Encore une fois pour cette forme d’influence, l’approche de Trump aura probablement des conséquences négatives dans le futur. Il est probable que les États-Unis perdent de leur crédibilité, et que cela se reflétera dans une perte de leur influence culturelle au profit d’autres joueurs. Pour l’Asie-Pacifique cela pourrait vouloir dire davantage de migration et de tourisme régional ou vers différentes régions, des étudiants se dirigeant vers d’autres universités anglophones (ou même chinoises!), un support pour le développement de marques locales, etc. La mondialisation se portera probablement bien sans son plus grand contributeur : il reste à savoir si quelqu’un prendra la relève ou si le mouvement sera en mesure de continuer seul.

Conclusion

L’influence des États-Unis sur l’Asie, comme sur le reste du monde, est incontestable. Par leurs actions après la Seconde Guerre mondiale, les États-Unis ont pris un rôle de leader démocratique, de gré ou de force, agissant au nom du bien commun tout en protégeant ses intérêts particuliers avec une force parfois démesurée. L’influence américaine a su s’harmoniser aux différentes périodes de l’histoire, mobilisant le hard power en temps de guerre, et le soft power en temps de paix. Grâce à de nombreuses ententes dans la région, les États-Unis se sont imposés sur tous les tableaux pendant plusieurs décennies. Cette puissance n’a toutefois pas été atteinte sans son lot de controverses : entre les guerres et les retournements de gouvernement, les États-Unis se sont assurés d’établir des institutions défendant leurs intérêts sans toujours avoir une vision très philanthropique.

L’arrivée à la tête des États-Unis d’une administration brisant les normes et les politiques établies en Asie est venue y chambouler l’ordre et le statu quo établis. Même si l’influence américaine reste pour l’instant la plus forte en Asie, cela pourrait rapidement changer. La Chine a entamé depuis plusieurs décennies une expansion de son influence régionale, devançant déjà les États-Unis sur le plan économique et diplomatique. Il reste que les États-Unis possèdent toujours une influence notable sur le plan culturel et grâce à leurs réseaux de défense. Cependant, l’abandon du PTP a porté un coup dur à la crédibilité de l’Amérique en Asie, qui demande plus de partenariats économiques et d’aide au développement. De son côté, la Chine a saisi la balle au bond en lançant son projet pharaonique des nouvelles routes de la soie. Si les États-Unis respectaient leur promesse de quitter les alliances militaires en Asie, le balancier pourrait arrêter de pencher en leur faveur.

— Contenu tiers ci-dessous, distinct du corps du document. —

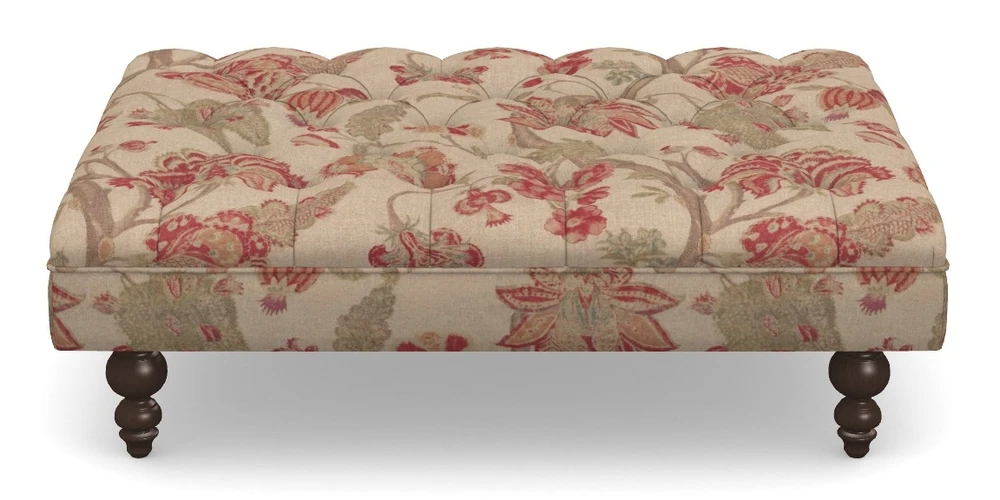 Bedham footstool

Même avec un retrait total des États-Unis dans la région, ce qui est peu probable, l’influence américaine ne disparaîtra pas rapidement. Sa contribution aux institutions internationales et à la mondialisation est un héritage qui est trop bien ancré dans le monde tel que nous le connaissons pour s’évanouir du jour au lendemain. Ainsi, l’influence des États-Unis perdurera probablement jusqu’à la prochaine transformation du monde international, avec ou sans leur volonté.